A more sophisticated transformation: software pipelining overlaps the execution of multiple iterations within a single loop body. Each iteration's first operation overlaps with the previous iteration's second, and the previous-previous iteration's third, and so on, like an instruction-level pipeline written into the program text.

// original
for (int i = 0; i < n; i++) {
    int t = load(a + i);
    int u = compute(t);
    store(b + i, u);
}

// software pipelined (sketch)
int t0 = load(a + 0);            // prologue
int u0 = compute(t0);
int t1 = load(a + 1);
for (int i = 2; i < n; i++) {
    store(b + i - 2, u0);        // store from 2 iters ago
    u0 = compute(t1);             // compute from 1 iter ago
    t1 = load(a + i);             // load this iter
}
store(b + n - 2, u0);            // epilogue
store(b + n - 1, compute(t1));

Each iteration of the steady-state loop now contains a load, a compute, and a store from three different original iterations. The dependencies are between iterations: the store waits for two-iterations-ago's compute, the compute waits for one-iterations-ago's load. The independent operations within each steady-state iteration can run in parallel.

Software pipelining is essential on simple in-order processors that cannot reorder dynamically. On modern OoO processors it is less critical — the hardware does similar reordering automatically — but it still helps by enlarging the effective window of independent work the hardware sees.

Instruction Scheduling

The compiler reorders instructions to fit a model of the target processor's pipeline. Instructions with long latency (loads, divides, FP operations) are scheduled early, so dependent instructions can wait without blocking the pipeline. Independent instructions are placed close together to fill the wide issue slots.

A compiler's instruction-scheduling pass has a model of the target processor — its issue width, its execution-port assignments, its instruction latencies — and it reorders instructions to fit that model. Modern compilers like GCC and LLVM have detailed schedulers for each major target. The output is the same program, expressed in machine instructions that match the target's pipeline.

Vectorization

A loop that performs the same operation on many independent data elements can be transformed to use vector (SIMD) instructions, which operate on multiple data elements per instruction. We will treat vectorization in detail in Chapter 29; for now, note that it is one of the compiler's most powerful tools for extracting parallelism. A loop summing 1000 floats can be transformed to use 8-wide SIMD operations, processing 8 floats per instruction, multiplying throughput by ~8.

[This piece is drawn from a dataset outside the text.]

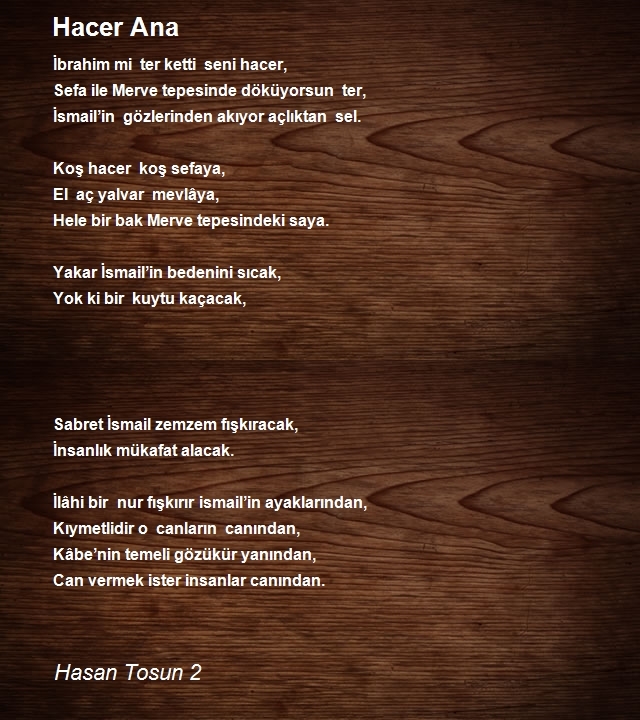 Hasan Tosun 2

Constant Propagation, Strength Reduction, and Friends

Many compiler optimizations indirectly help ILP by reducing the number of operations or breaking up dependency chains:

Constant propagation replaces a variable known to hold a constant with that constant, often allowing further optimizations.
Strength reduction replaces expensive operations with cheaper equivalents (multiplication by a constant becomes shifts and adds).
Common-subexpression elimination computes a shared value once instead of repeatedly.
Loop-invariant code motion moves code that does not depend on the loop variable out of the loop.

Each of these reduces the work in the program's critical path or shortens dependency chains, both of which improve ILP.

05.Hardware Techniques Beyond Out-of-Order

Out-of-order execution is the dominant ILP-extraction technique, but it is not the only one. Several alternatives have been tried.

VLIW: Very Long Instruction Word

VLIW machines push all the scheduling work into the compiler. The hardware is wide and parallel, but it does no dynamic scheduling: each very long instruction word contains several operations, and the hardware just dispatches them in lockstep, one slot to each functional unit.

Plain Text

A VLIW instruction word, 5 slots:
  | ALU op | ALU op | LOAD/STORE | FP op | BRANCH |

The compiler is responsible for filling each slot with an independent operation. If it cannot find one, the slot is filled with a NOP.

VLIW's advantages: the hardware is simpler (no rename, no scheduler, no ROB), the cycle time is faster, and the energy efficiency is higher. Its disadvantages: the compiler must know everything about the target's parallelism, including memory-aliasing behavior and runtime variability, which it cannot. NOPs accumulate when ILP runs out; binary compatibility across different VLIW widths is hard.

The Intel Itanium (mid-2000s) was a famous VLIW design. It struggled commercially: compilers couldn't extract enough ILP statically to match what OoO machines extracted dynamically, and recompilation was needed for every micro-architectural change. VLIW lives on in DSPs and certain embedded processors (TI's C66x family, Qualcomm's Hexagon DSP) where workloads are regular and recompilation is acceptable.

Trace Caches and Trace Scheduling

A trace cache stores instructions not in their original program-counter order but in executed order, including taken branches. If the same trace is taken repeatedly, the trace cache delivers the instructions in their predicted execution order, smoothing the front end and exposing more parallelism.

Trace scheduling, the compiler-side cousin, identifies a likely path through the program and schedules instructions across basic-block boundaries to fit that path. The resulting code is faster on the predicted path, slower on the unpredicted path. Combined with profile-guided optimization, it can improve ILP exposure significantly.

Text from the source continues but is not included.